I have to confess I’m not the best audience for unrhymed poetry. I haven’t spoken with anyone else yet about this book, and I have a feeling that when I do, others will be able to point out details of the craft that went right by me.
But what we have here is history in the form of poetry. There is symbolism – a progression from daylight to darkness to dawn. Some more symbolism that even I could catch was in a poem about forcing forsythia to bloom where that’s compared with forcing garbage collectors in Tennessee to do degrading work in harsh conditions. March is said to come in like a lion – but no progress is made, and it leaves much more quietly.

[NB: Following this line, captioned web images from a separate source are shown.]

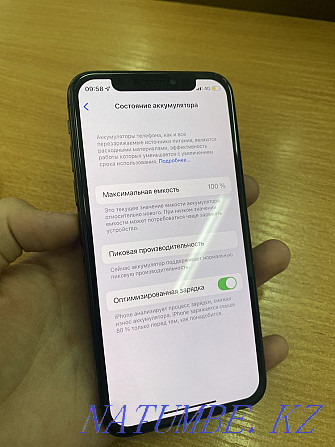 Iphone X 256гб жақсы жағдайда  Алматы - изображение 4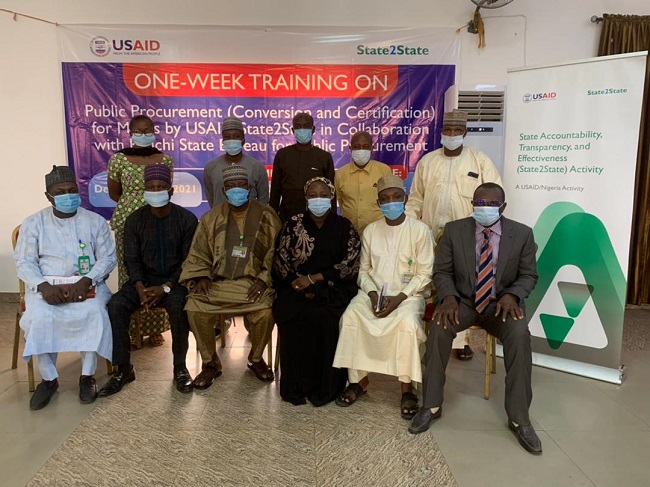 USAID train 40 selected officers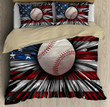  Loving Baseball Bedding Set TQH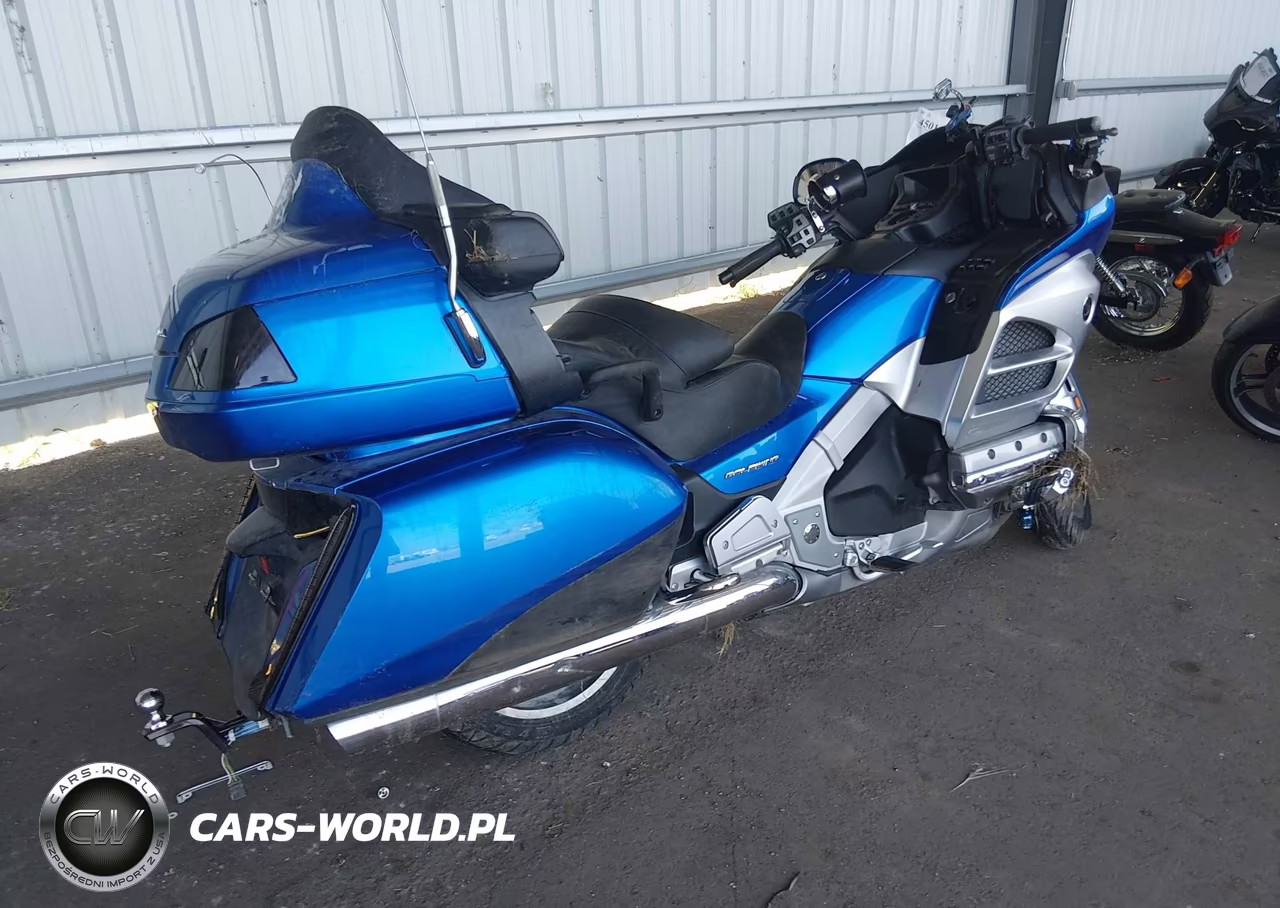 2012 Honda Gl1800 VIN:JH2SC68G1CK000268 - 4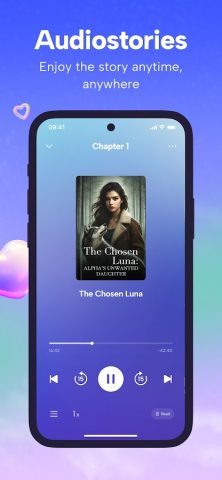 My Passion: Novel Reader App для Android — скриншот 4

And the event that sparks the chain of events in this book was the death of two sanitation workers in Memphis, Tennessee, and the protests that sparked. There are lots of facts here – you’ll learn about what happened, along with the dignity and nobility of those who protested.
(I’m now going to pause and reread the book as a fitting way of celebrating Martin Luther King’s birthday.)
Here are some good bits:
In the poem “Come: February 24, 1968”:
But, Lord,
even with your handiwork
hard at work,
it is hard, hard work
not to strike back violently,
especially when you’re striking.
In the poem “Roar! March 11, 1968”:
These strikers have volunteered for
peaceful protest.
When the police handcuff
and shove them,
and choke hold their hope,
and cart them away,
these men and women,
and girls and boys
who have volunteered
for self-dignity,
will not
enter jail
in the same way
March
enters the calendar.
These strong, quiet
strikers,
and all who stand by them
refuse to Roar.
Going out like lambs,
they are ignored.
From the final poem, “Rejoice the Legacy: January 15 – Martin Luther King Day – Forever”:
And so, today, though his candles stopped
at thirty-nine,
we celebrate Martin’s exquisite life.
His sparkling-eyed vision
of tomorrow’s promise.
His destiny.
His dream.
How he led us to the mountaintop
on the path of light, love, and truth.
He didn’t get there with us.
But he showed us the way.
So that’s this book – a poetic tribute to Martin Luther King’s life and the story of his final months. I love the suggestion in the author’s note at the back to perform these as a group reading or as a classroom play. It is all too easy to rush through these poems. I’m pretty sure that the harder I look at them, the more riches I’ll find.